## YOUR GOAL
Leave out every picture and set down, exactly, the lines below from the one holding "Here you can" up to and including the one holding "With so many".

## MATERIAL PROVIDED
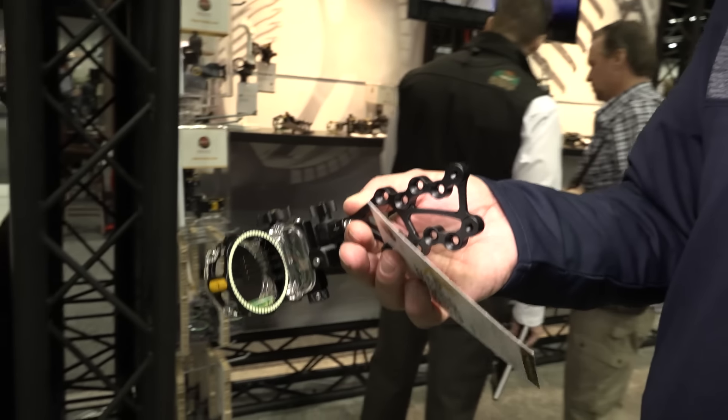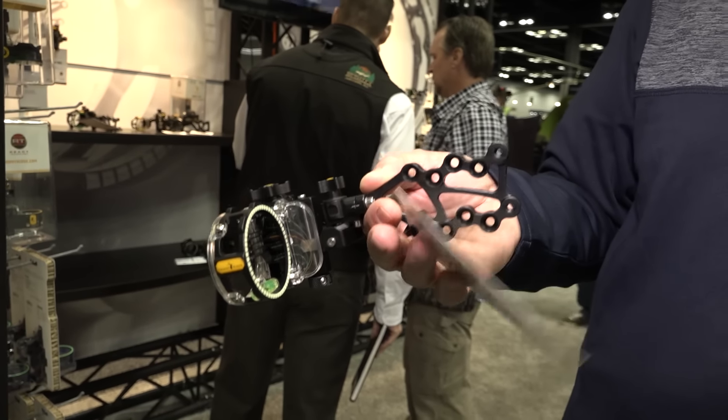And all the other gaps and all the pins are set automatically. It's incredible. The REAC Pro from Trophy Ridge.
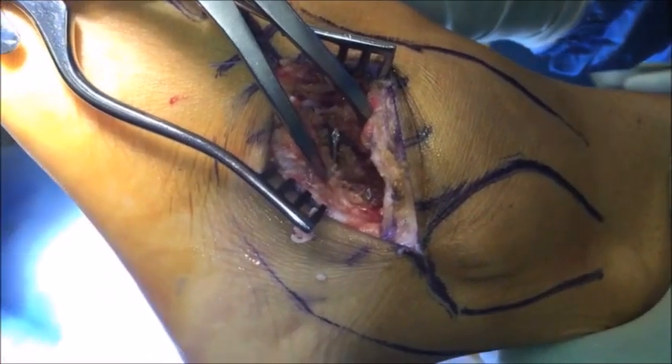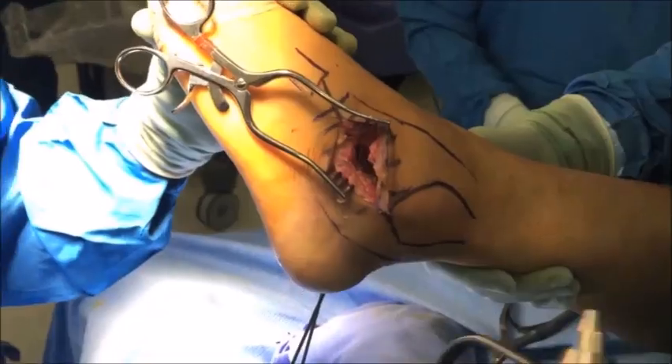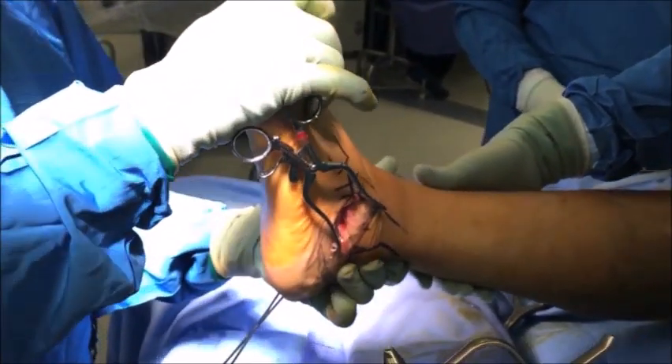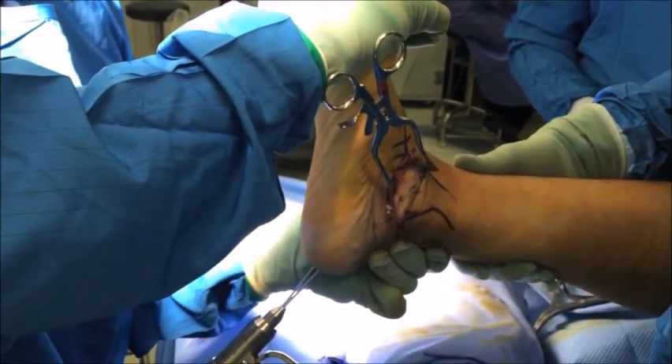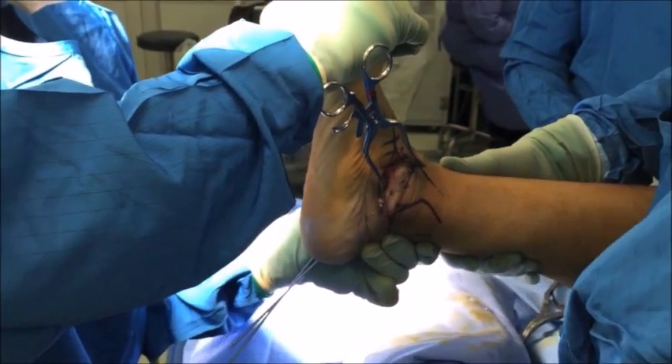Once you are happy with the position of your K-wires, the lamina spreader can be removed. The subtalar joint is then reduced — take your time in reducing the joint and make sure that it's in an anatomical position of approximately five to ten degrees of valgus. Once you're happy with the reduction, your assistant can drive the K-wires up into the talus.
* * *
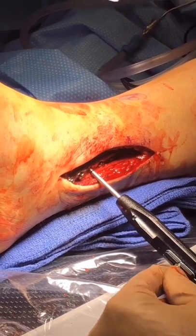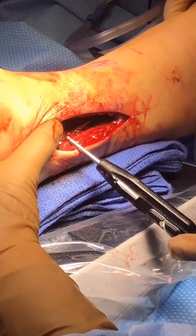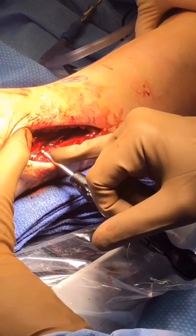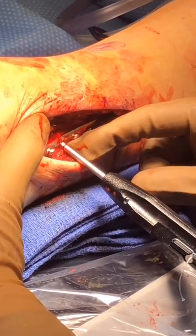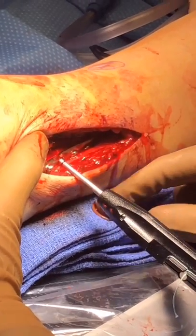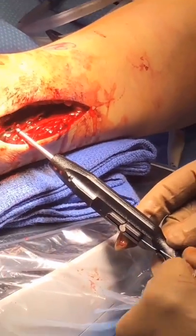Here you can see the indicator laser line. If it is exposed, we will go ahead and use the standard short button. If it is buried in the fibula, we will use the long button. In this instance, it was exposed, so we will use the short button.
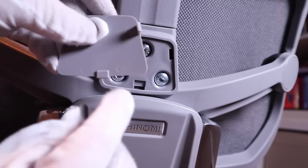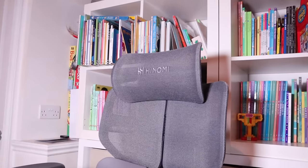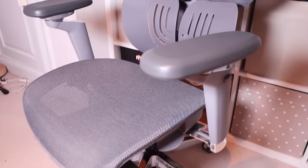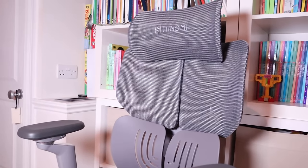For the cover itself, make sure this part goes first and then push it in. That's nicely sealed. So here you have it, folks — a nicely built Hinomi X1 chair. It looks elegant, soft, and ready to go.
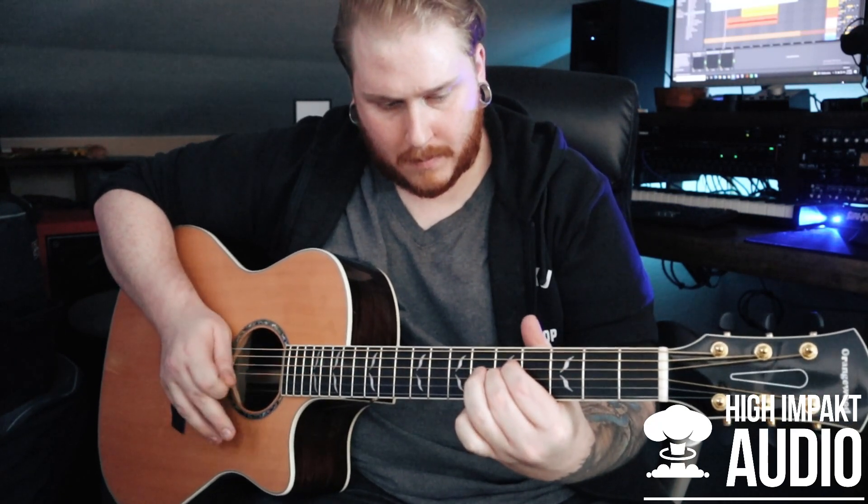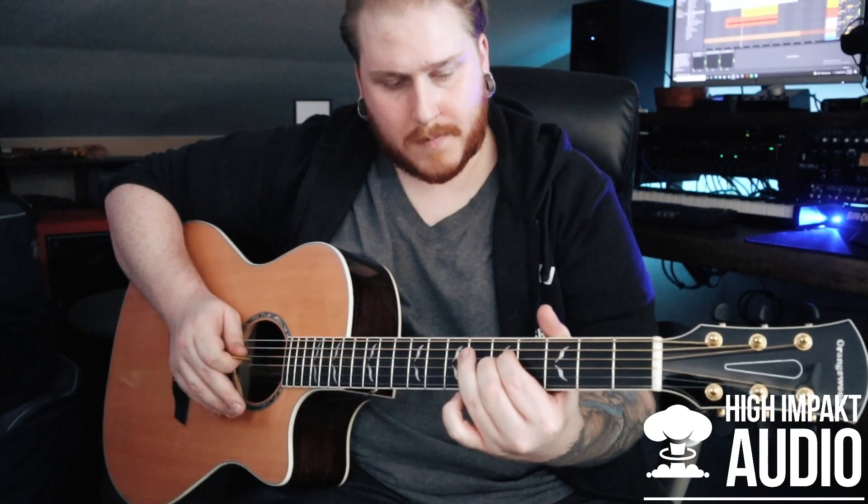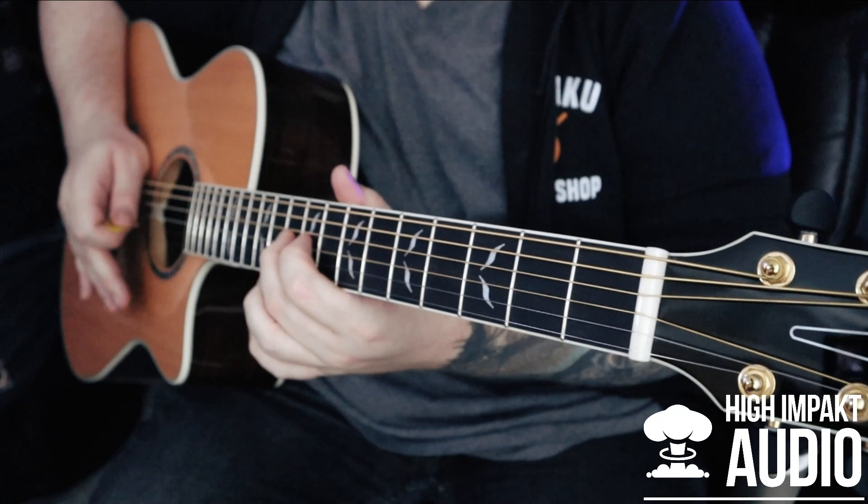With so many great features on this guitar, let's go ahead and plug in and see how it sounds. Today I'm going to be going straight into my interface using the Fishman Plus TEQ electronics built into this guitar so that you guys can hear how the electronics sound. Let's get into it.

## TASK OUTPUT
Here you can see the indicator laser line. If it is exposed, we will go ahead and use the standard short button. If it is buried in the fibula, we will use the long button. In this instance, it was exposed, so we will use the short button.
For the cover itself, make sure this part goes first and then push it in. That's nicely sealed. So here you have it, folks — a nicely built Hinomi X1 chair. It looks elegant, soft, and ready to go.
With so many great features on this guitar, let's go ahead and plug in and see how it sounds. Today I'm going to be going straight into my interface using the Fishman Plus TEQ electronics built into this guitar so that you guys can hear how the electronics sound. Let's get into it.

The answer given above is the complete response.